WORK TO BE COMPLETED ▸ Every entry, start to finish, should be printed verbatim without pictures.

Items listed in a dataset:
+ + + + + + +
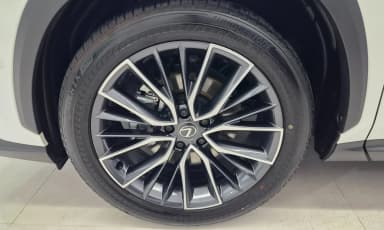 NX350h Gen 2
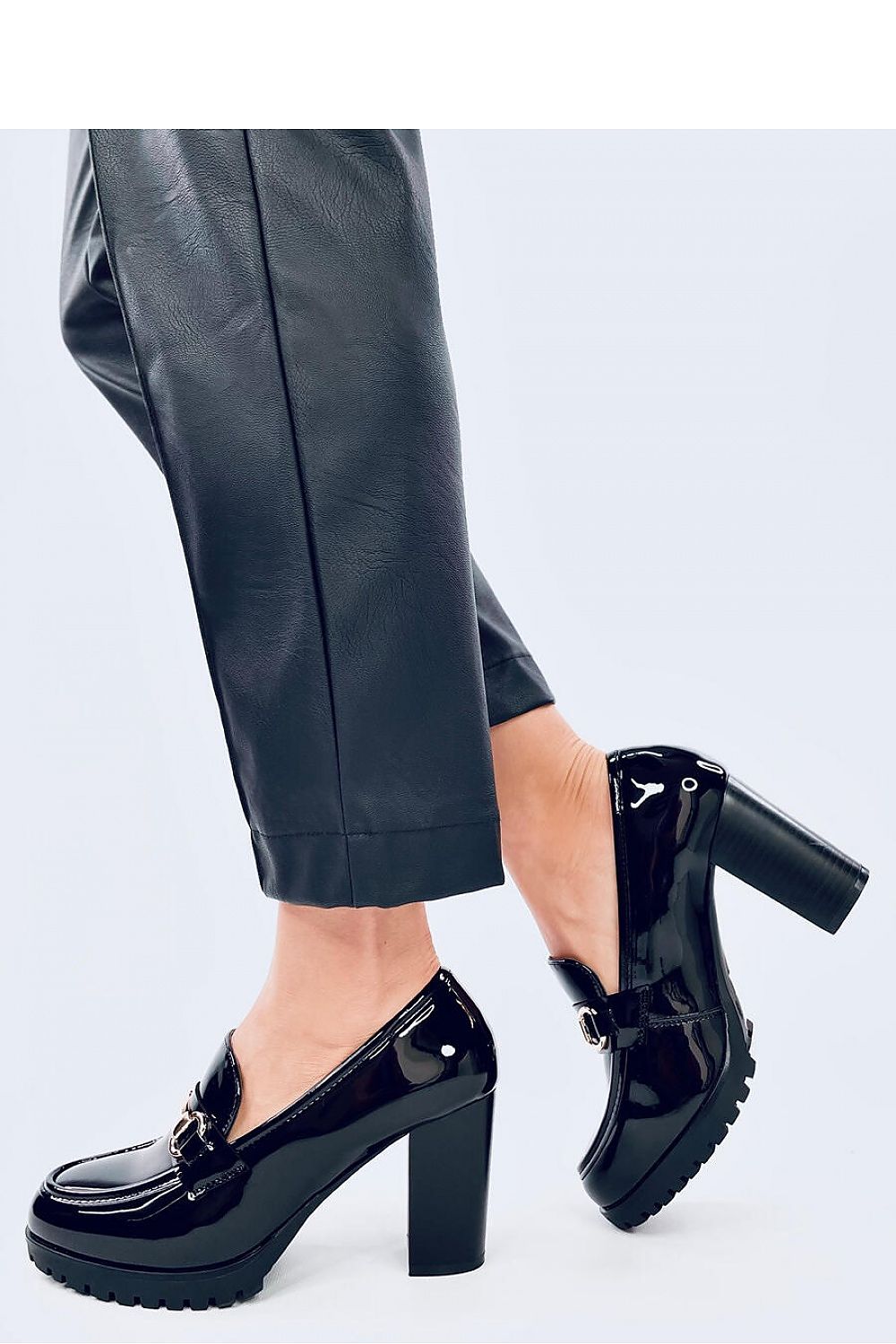 Platform pumps Inello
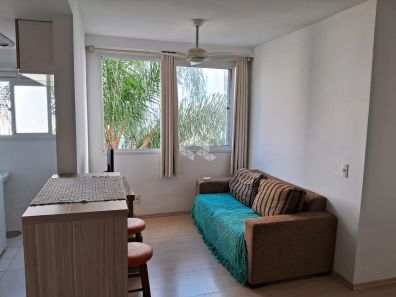 Apartamento com 2 Quartos à venda, 46m² no Cristal, Porto Alegre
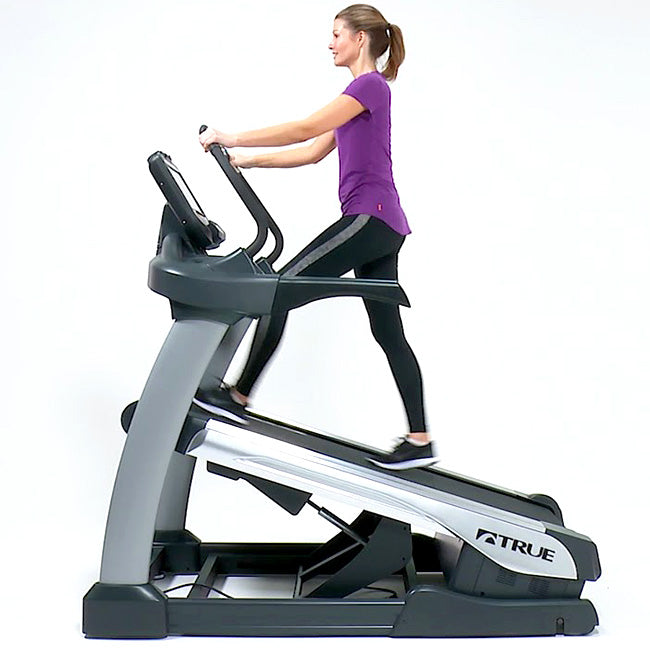 TRUE Fitness Alpine Runner Treadmill Cardio Canada.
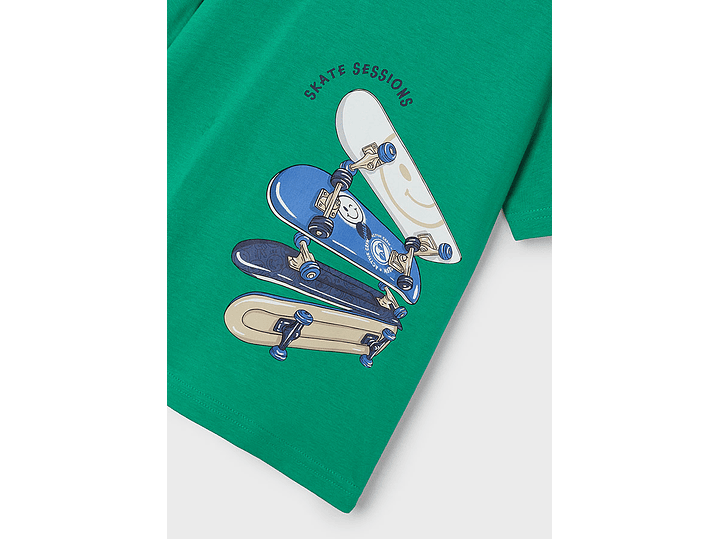 Camiseta Mayoral 2024 3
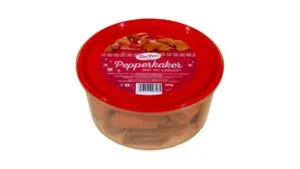 Pepperkaker Berthas 300 g
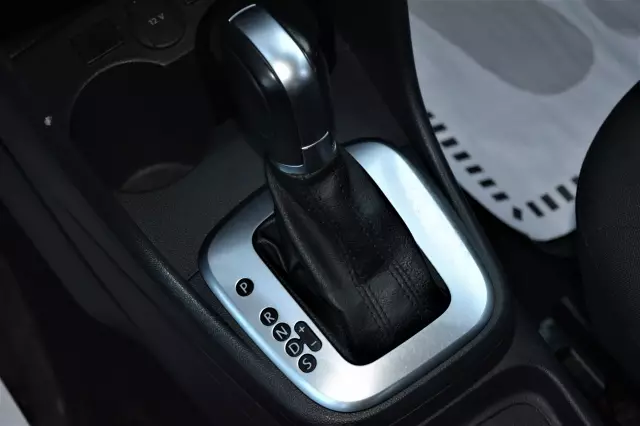 Volkswagen Polo 2017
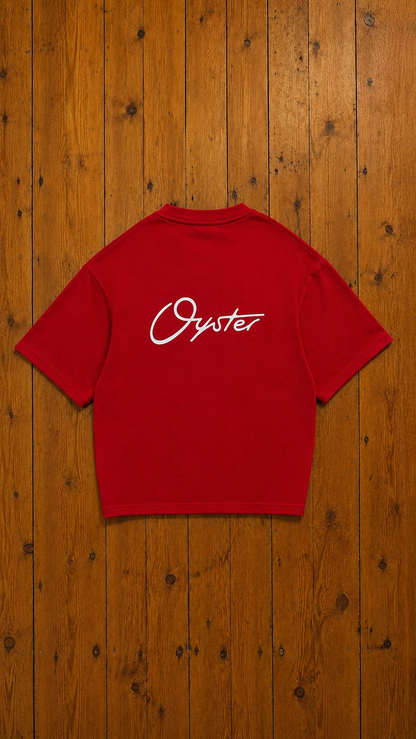 Red T-Shirt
+ + + + + + +
ANSWER SPACE ▸
 NX350h Gen 2
 Platform pumps Inello
 Apartamento com 2 Quartos à venda, 46m² no Cristal, Porto Alegre
 TRUE Fitness Alpine Runner Treadmill Cardio Canada.
 Camiseta Mayoral 2024 3
 Pepperkaker Berthas 300 g
 Volkswagen Polo 2017
 Red T-Shirt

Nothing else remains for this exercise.